Price increases caused by biofuel mandate hit developing nations hard, with an additional $6.6 billion in food import costs
Price increases for corn—a direct result of the U.S. biofuels mandate—added $11.6 billion in costs for countries importing the food staple between 2006 and 2011. More than half the increase fell on poorer, developing nations, adversely affecting people who can least afford it, according to a new study by Timothy Wise, G05, research and policy director at the Tufts Global Development and Environment Institute (GDAE).
About 40 percent of all corn raised in the U.S. goes into ethanol fuel production, in part because of the Renewable Fuel Standard, which in 2007 mandated a steadily increasing percentage of renewable fuel in U.S. gasoline supplies. America produces 13.7 billion gallons of ethanol annually, according to the U.S. Department of Agriculture. The growing demand for corn used in ethanol has been driving up prices globally, with record highs in 2007–08, another spike in 2010–11, and again now.
Developing countries imported 280 million tons of corn between 2006 and 2011, and spent $6.6 billion more than they otherwise would have because of the U.S. biofuels mandate. Mexico assumed the greatest burden of any country—$1.1 billion more than it otherwise would have, driving up domestic costs for corn and corn products, Wise writes. The cost of tortillas, for instance, has risen 69 percent since 2005. Many Central American countries were equally adversely affected because they feed their growing populations with imported corn.
The rising demand for corn that is used to manufacture fuel has spillover effects: prices for other food staples, such as soybeans and wheat, have also gone up, according to the GDAE report.

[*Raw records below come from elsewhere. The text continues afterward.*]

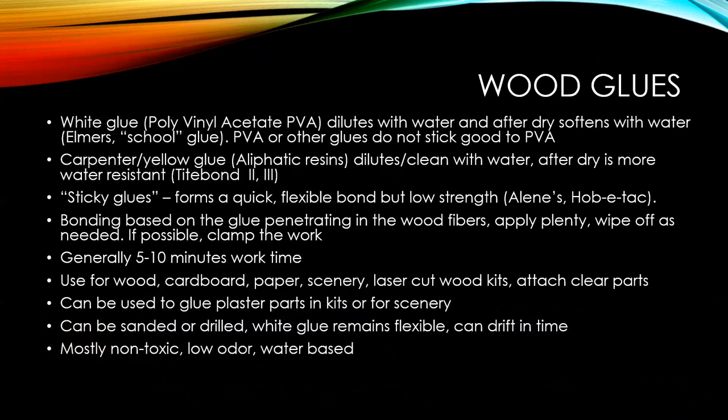The white glue — that's Elmer's glue, PVA, which is polyvinyl acetate. They all smell about the same. It dilutes with water. When dried, it softens with water again — that's what I was mentioning. It does not stick well to itself. It's also a bit flexible at the joint, so you're good in most cases.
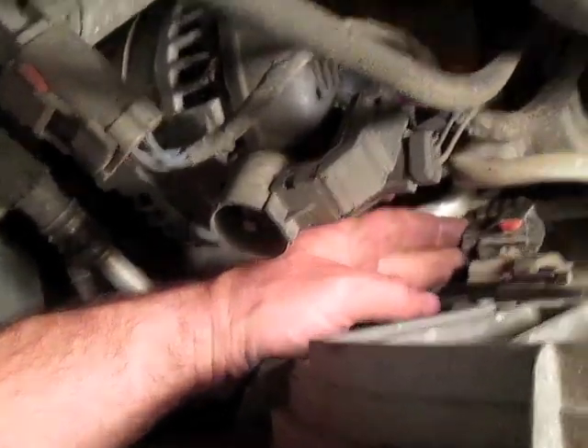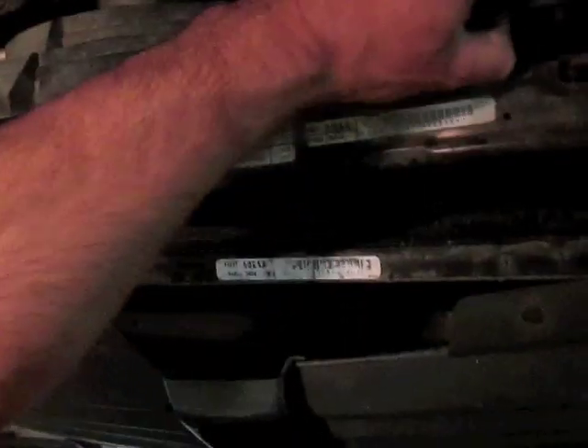Now I'll be removing this bolt right here, and then there's a bolt right here, and then these fans will pull straight out. I've removed the electrical on this and removed this bolt. This fan is seated in there and it should pull straight out.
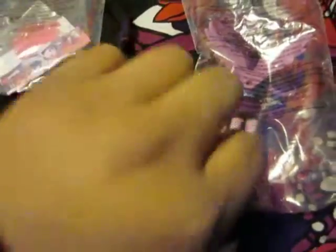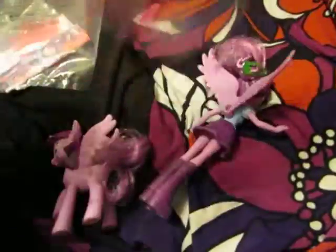My Little Pony! So first one — you saw my other video — I have Pinkie Pie Human and Pinkie Pie Pony. They come in little plastic bags and I forgot which number is which. I cut them open already. They came with a little comb thing.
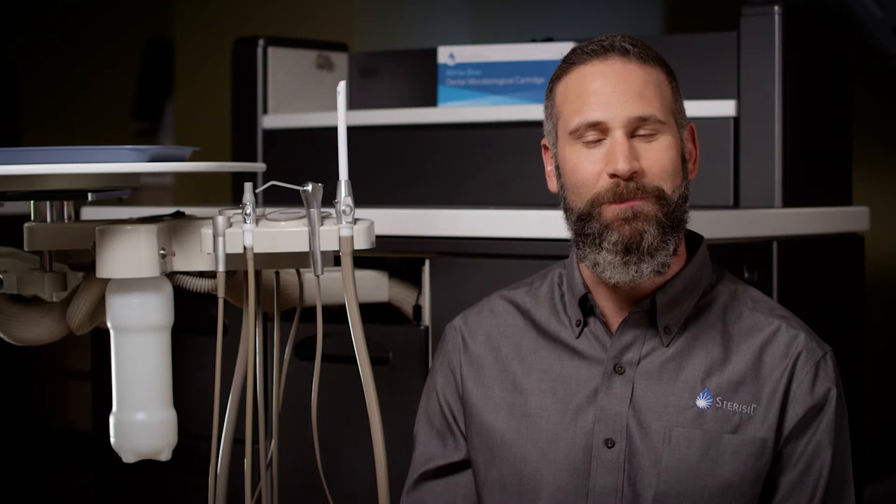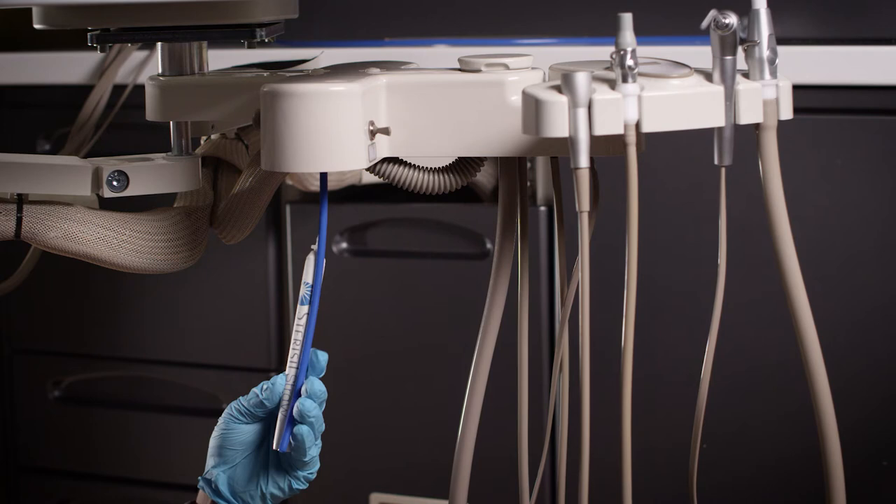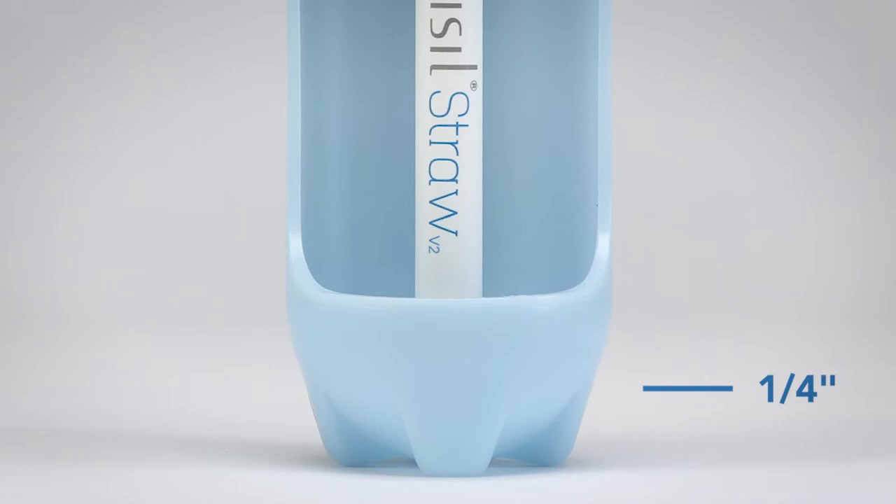Okay, let's go ahead and get this thing installed. Don't worry, it's totally simple. Begin by removing the bottle, exposing the existing pickup tube from the operatory chair. The appropriate length of the pickup tube is achieved when the straw cartridge is attached to the pickup tube and extends to within one quarter inch from the bottom of the bottle.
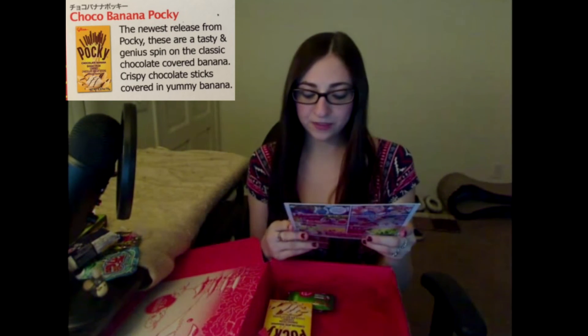Choco Banana Pocky — the newest release from Pocky. These are a tasty spin on the classic chocolate covered biscuit: crispy chocolate sticks covered in yummy banana. It's the banana flavor coming through with the biscuit.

The U.S. Environmental Protection Agency, which issued the biofuel mandate, should re-think its policy, Wise says, because the cost to poorer countries is too great. “For import-dependent countries that no longer grow much of their own food,” he writes, “biofuel-induced price increases are simply a large net loss to society, straining government trade balances, using scarce hard currency, raising food prices for consumers and driving up the cost of government safety-net programs.”